Das macht es viel komplizierter, als wenn man alles dass, was man raus geworfen hat, gleich drin gelassen hätte mit ein paar Menüs zum Konfigurieren.

Aber es läuft schneller und flüssiger als Xfce4, das überrascht mich. Na warten wir mal ab. Aber so richtig stabil läuft es nicht. Da klemmt öfters mal was.

----------

## misterjack

 *Klaus Meier wrote:*   

> Erst alles ausbauen, was man an Gnome2 genutzt und gemocht hat um es auf ein Niveau zu bringen, wie ich es mir schlechter nicht mehr vorstellen kann und dann friemelt man es sich hinterher mit Extensions wieder so zusammen, dass es auf einem vergleichbaren Level ist.

 

Du wirst sicherlich andere Extensions fahren als meinereins.
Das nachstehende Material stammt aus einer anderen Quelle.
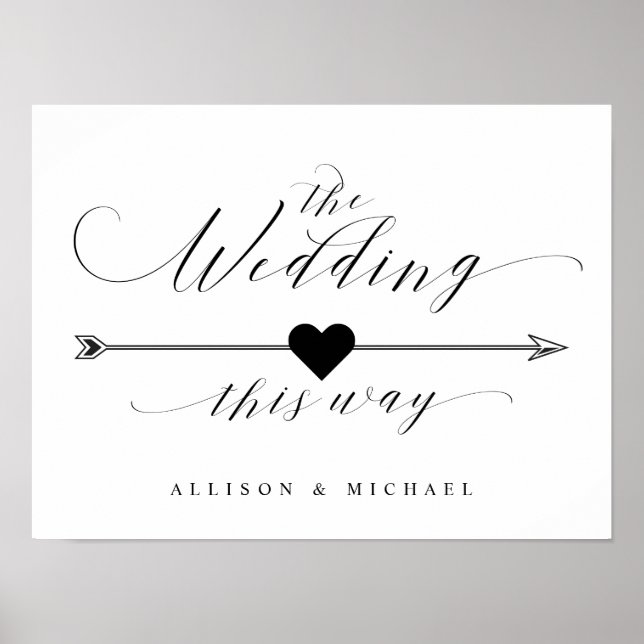 This Way Wedding Calligraphy Script Arrow Sign (Front)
Das macht das Konzept interessant, schön minimalistisch, so dass jeder sich seins einfach „zusammenklicken“ kann. Das berühmte KISS-Prinzip  :Smile:  Nur minimalistischer könnte es sein, sprich weniger Abhängigkeiten wie Pulseaudio  :Smile: 

----------

## franzf

Sind das denn jetzt offizielle Extensions? Ich hatta gelesen, dass das meiste von unglücklichen Distributoren erschaffen wurde. (War das SuSe mit dem Gnome2-Extensionpack für Gnome3?)

----------

## Klaus Meier

Also, zur Zeit fühle ich mich Gnome3 recht wohl. Einiges geht besser als noch vor 2 Wochen, kann sein, dass das auch an 3.4 liegt. Zur Zeit habe ich da ein Mischmasch aus 3.2 und 3.4 drauf. Das erklärt eventuell auvh einige Hänger.
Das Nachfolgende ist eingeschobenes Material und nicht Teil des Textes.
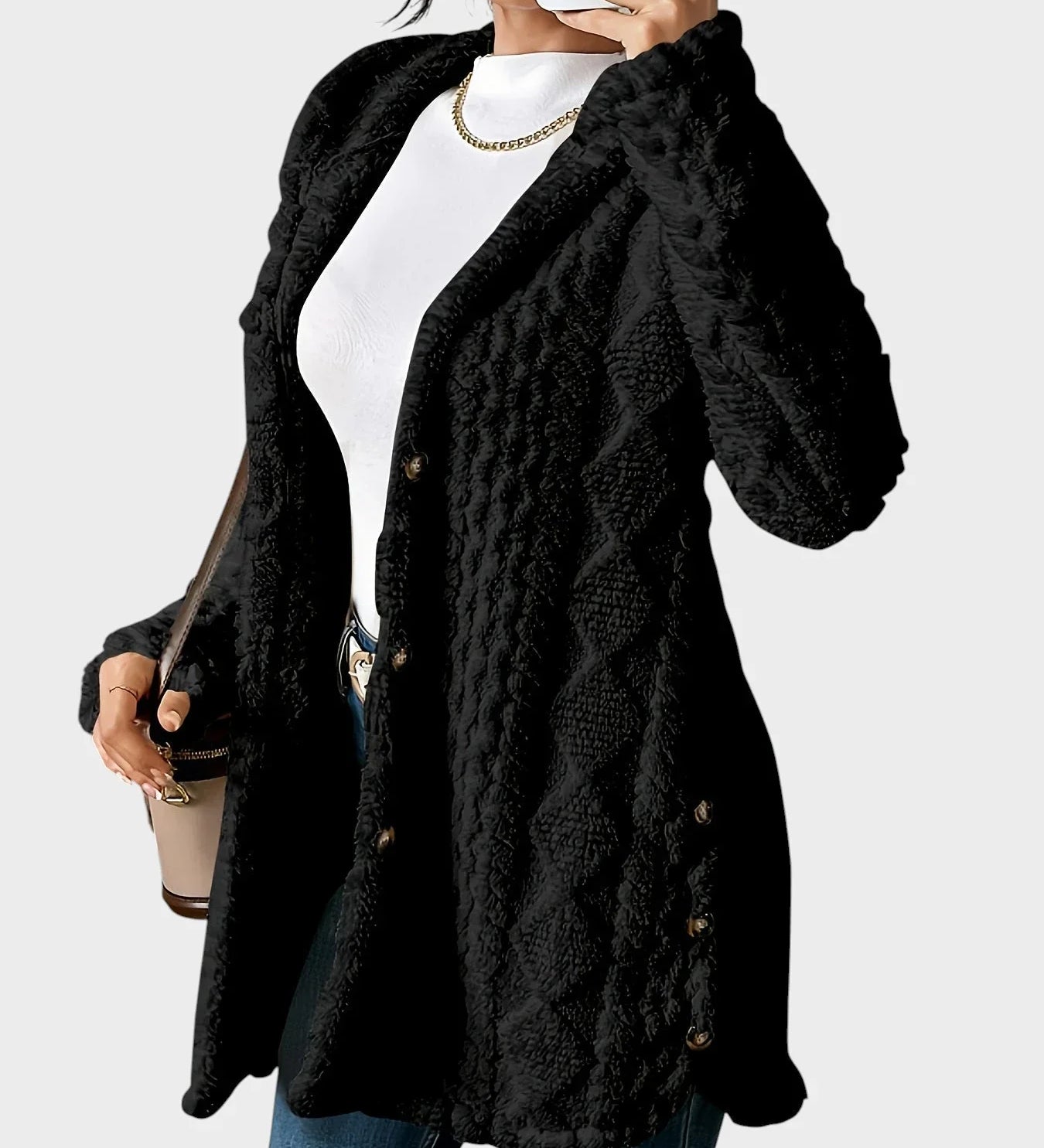 Vesna - plišinis kardiganas su gobtuvu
Aber bei den Extensions habe ich ein ungutes Gefühl. Wo kommen die her, werden die vom Gnometeam supportet oder werden die von meist unzufriedenen Usern geliefert? Was ist, wenn die nicht mehr gepflegt werden? Updates gehen mit 3.4 noch nicht, mal schauen, ob es da Versionen gibt.

Sollte der Sinn der Entwicklung von Gnome3 der gewesen sein, einen Extensionhandler zu entwickeln? Wenn man so gut wie nichts, was neu an Gnome3 ist nutzt und alles mit Extensions wieder auf den Stand von Gnome2 bringt? Will mir einfach nicht in den Kopf. Aber ansonsten ist es so wirklich extrem flexibel, man kann es sich perfekt einrichten. Ich muss sagen, ich hatte noch nichts, was mir besser gefällt als mein aktuelles System.

Ok, unter der Haube hat sich schon viel getan. Wenn ich es jetzt mit Xfce4 vergleiche. Es sieht viel besser aus und läuft auch flüssiger. Pulseaudio piept bei der Lautstärkeregelung, aber ich kann jetzt für jede Anwendung die Lautstärke separat regeln.

----------

## forrestfunk81

Ich bin auch ein glücklicher Gnome 3 User. Ich finde sowohl KDE4 (hab ich vor Gnome 3 verwendet) als auch Gnome 3 in nichts schlechter als ihre Vorgänger. Pulseaudio hatte ich eh schon drauf wegen Netzwerk Sound Server. 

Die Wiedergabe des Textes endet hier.